I think some priors are missing in this.

For a random walk model (and this transfers to the stuff you’re writing here), there are two ways to write these. You can write them in terms of distributions on the random walks themselves:

x_{t + 1} \sim N(x_t, \sigma)

Or you can write them in terms of innovations \eta_t:

x_{t + 1} = x_{t} + \eta_t \sigma \\ \eta_t \sim N(0, 1)

Doing the second thing basically corresponds to a non-centered parameterization, and is usually the thing you want to do (non-centered works better than centered with less data, and this is often the case).

The first thing translates to Stan code like:

transformed data {
  int N = 10;
}
parameters {
  vector[N] x;
  real<lower = 0.0> sigma;
}
model {
  x[1] ~ normal(0, sigma); // The 1st element needs a prior
  for(i in 2:N) {
    x[i] ~ normal(x[i - 1], sigma);
  }
}

And then in terms of innovations:

transformed data {
  int N = 10;
}
parameters {
  vector[N] eta;
  real<lower = 0.0> sigma;
}
model {
  vector[N] x;
  eta ~ normal(0, 1);
  x[1] = eta[1];
  for(i in 2:N) {
    x[i] = x[i - 1] + sigma * eta[i];
  }
}

So when you look at these time series models you might see the equations go either way and you might see the code go either way.

It looks like this is written in terms of innovations and the bit that is missing are priors on eta (Edit: or just missing priors on the innovations – I think the eqs. are written where eta is the ARMA variable but the code is written where eta are the innovations), but I am not totally sure.

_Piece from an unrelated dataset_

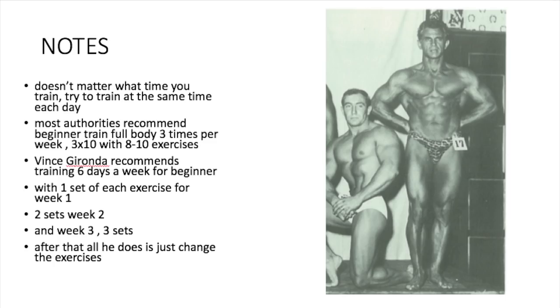Here are some notes I wrote down. It doesn't matter what time you train — try to train at the same time each day. Most authorities recommend beginners train full body three times per week, three sets of 10 reps with eight to 10 exercises. So this is a beginner routine that Vince Gironda recommends. He recommends training six days a week for the beginner because the beginner is full of enthusiasm and energy, and they're able to recover a lot quicker.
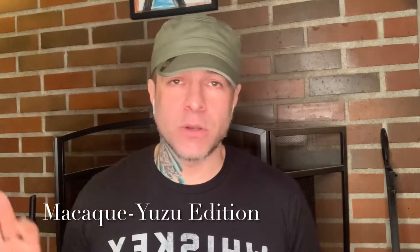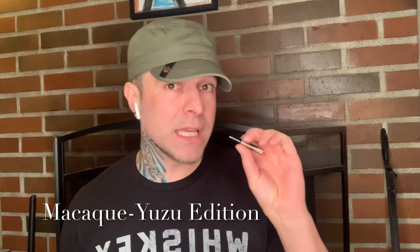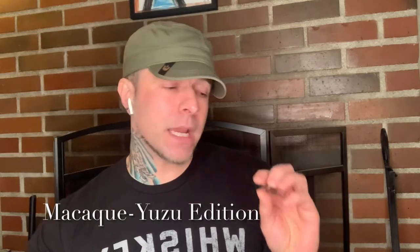So recently I purchased the new offering from Zoologist, which is Snowy Owl — really love that, I'll have a video coming up for that pretty soon, I just still haven't edited it. But I wanted to get my first impressions out to you guys on two samples that I received as gifts with that purchase. One of them is the new version of Macaque, which is the Yuzu Edition — and if I'm not mistaken, I believe the perfumer is McKenzie Riley. And on top of that there is another one I had no idea about, and that is Chipmunk.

Edit: Also there’s the section in the manual if you haven’t found it yet, though these models can always get confusing: 2.4 Autoregressive moving average models | Stan User’s Guide

1 Like

Thanks for the suggestions.
For the first one, which write \eta as the difference of known values, that means the model consider the regression residuals as ARMA(1,1), that would be y_{i,t} = x_{i,t}\beta+v_{i}+\eta_{t}, I think it’s different from my model.

I also tried non-centered parameterization to fix the divergence issue, however, it didn’t work.

As for the missing priors, since I assume \theta \sim ( -\infty, +\infty) and so as \beta, but I tried to put these priors as normal and even change uniform distribution to half-Cauchy (stronger priors), the issue didn’t go away either.

I didn’t quite get this part as innovations. Are you suggesting that I should initial eta[1] as some normal distribution? I will definitely try this and back to you.

And yes, thanks for sharing this, I did the ARMA(1,1) code following this page.

Yeah it does look different, but that is how the ARMA model in the Stan manual is coded (search for err[t] = y[t] - nu[t];) (Edit: I don’t mean to say the Stan manual model is right or this is wrong – just that it shows up both ways and confuses me so I was just pointing out the difference)

If there are multiple causes of divergences in a model, you might need multiple fixes.

The easiest thing to do is start small. In this case I think that means sampling \eta_t assuming \phi, \theta, \sigma_n are known.

Well basically I’m worried the code doesn’t correspond to the equations.

Could you write out in more detail what you mean by: \eta_t | \phi, \theta, \sigma_n \sim ARMA(1, 1)? I’m not familiar with these AR/MA notation things.

That is correct, but I think what they coded is different from how normal distribution generated. And in \eta_t |\phi,\theta,\sigma_n \sim ARMA(1,1), \phi is the AR coefficient and \theta is the MA coefficient and \sigma_\eta is the variance of error term in ARMA. That is \eta_t = \phi\beta+\theta a_{t-1}+a_t, and we assume a_t \sim N(0, \sigma_\eta) for all the t from 1:T. Does this make sense?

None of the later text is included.